Gleichzeitig schaut sich zumindest die weibliche Hälfte meiner Leserschaft mindestens einmal im Jahr «Drei Haselnüsse für Aschenbrödel» an und so manche träumt davon, in einem Cinderella-Kleid zu heiraten. Wie Anita Müller, Direktorin vom SIKJM, sind auch mir die Hörspiele von «Hänsel und Gretel» oder «Schneewittchen» und der Film vom «Froschkönig» noch in sehr lebhafter Erinnerung (siehe Interview mit Anita Müller "Früh übt sich, was ein Bücherwurm werden will").
Es war einmal…
Was hat es denn nun mit den Märchen auf sich?

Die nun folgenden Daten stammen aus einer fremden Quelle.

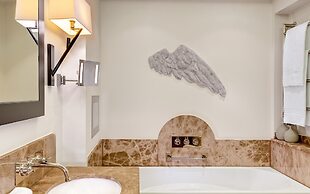 Augustine Hotel, Prague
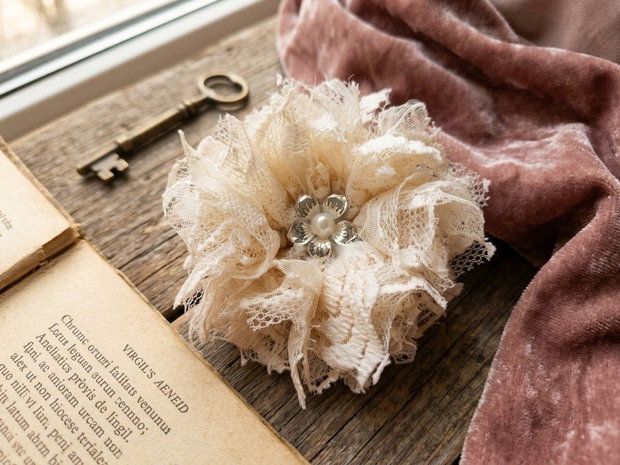 Accesoriu versatil 2 în 1 (Broșă & Agrafă de păr) din dantelă bej cu floare metalică și perlă Stil Vintage / Romantic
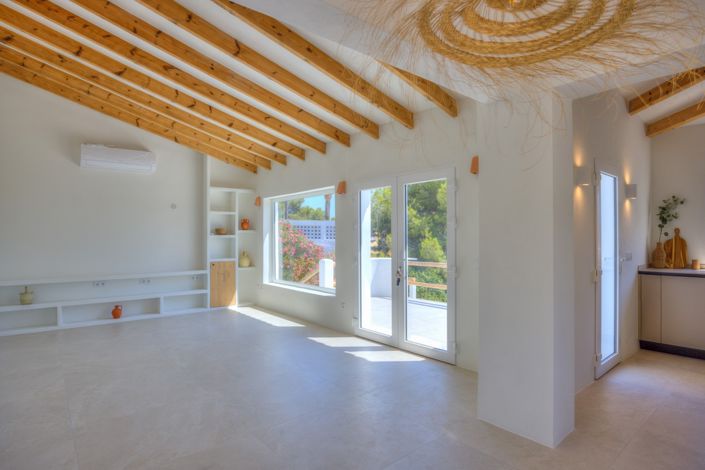 Image No.11-5 Bed Villa for sale
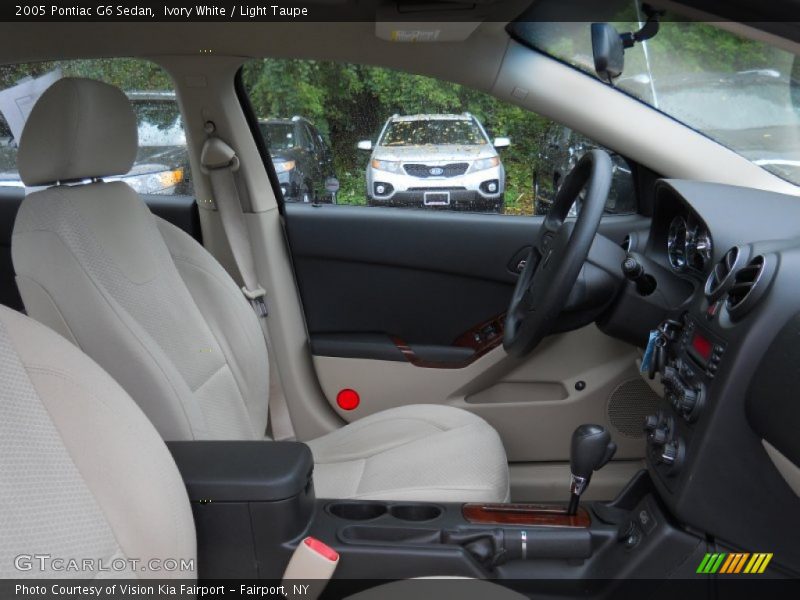 Ivory White / Light Taupe 2005 Pontiac G6 Sedan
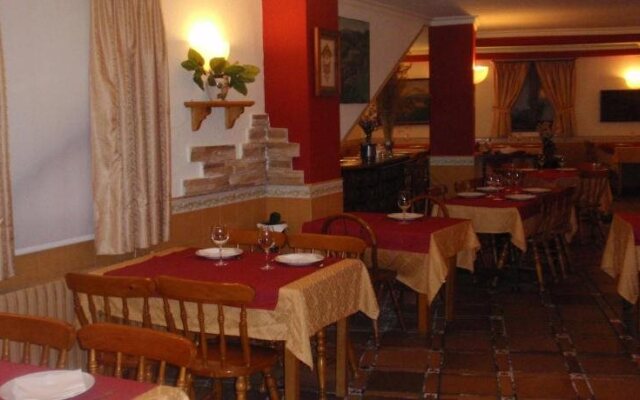 Hotel Favila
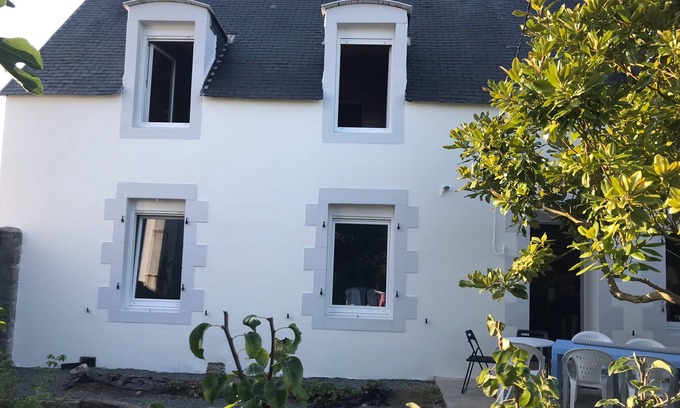 Guilvinec House | House with terrace near the port and the city center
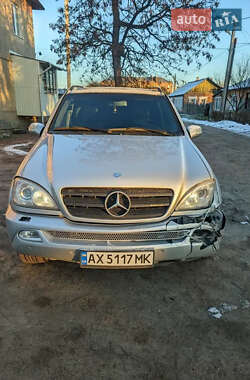 Позашляховик / Кросовер Mercedes-Benz M-Class 2000 в Харкові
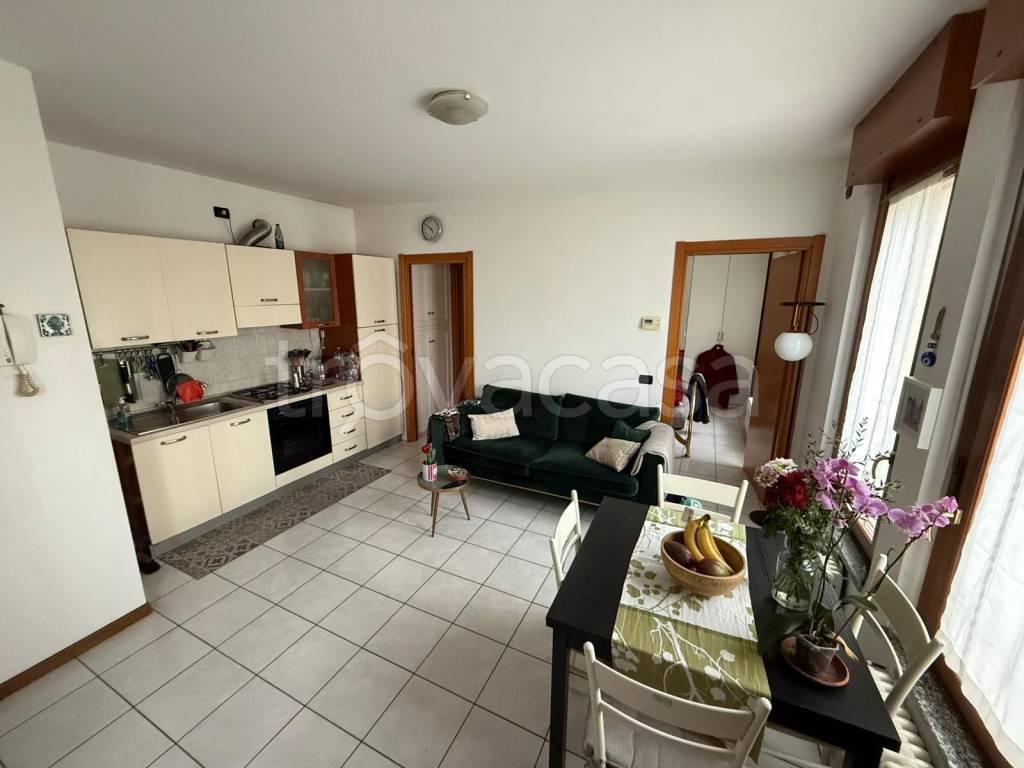 appartamento in affitto a Milano in zona Famagosta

Sind sie wirklich der Schrecken von Kindern und Eltern? Haben sie im Gegenteil mehr zu bieten, als viele Eltern denken? Und gibt es auch moderne Märchen? Das und mehr habe ich Franziska Weber vom Zentrum Lesen der FHNW gefragt.
MINT & MALVE: Frau Weber, vielen Dank, dass Sie mir in diesem Interview im Rahmen meiner Blogparade «Im #vorlesefieber mit MINT & MALVE» Rede und Antwort stehen.
Was macht ein Märchen eigentlich aus? Was unterscheidet es von anderen Geschichten, die wir unseren Kindern tagtäglich vorlesen?
Zuerst muss man zwischen klassischen Märchen und Kunstmärchen unterscheiden. Die klassischen Märchen oder auch Volksmärchen sind überlieferte Geschichten. Kunstmärchen hingegen werden von einer Autorin oder einem Autor mit der Absicht verfasst, ein Märchen zu schreiben. Sie sprechen mit ihrer Frage wohl eher die klassischen Märchen an.
Genau. Wodurch zeichnen sich die Volksmärchen aus?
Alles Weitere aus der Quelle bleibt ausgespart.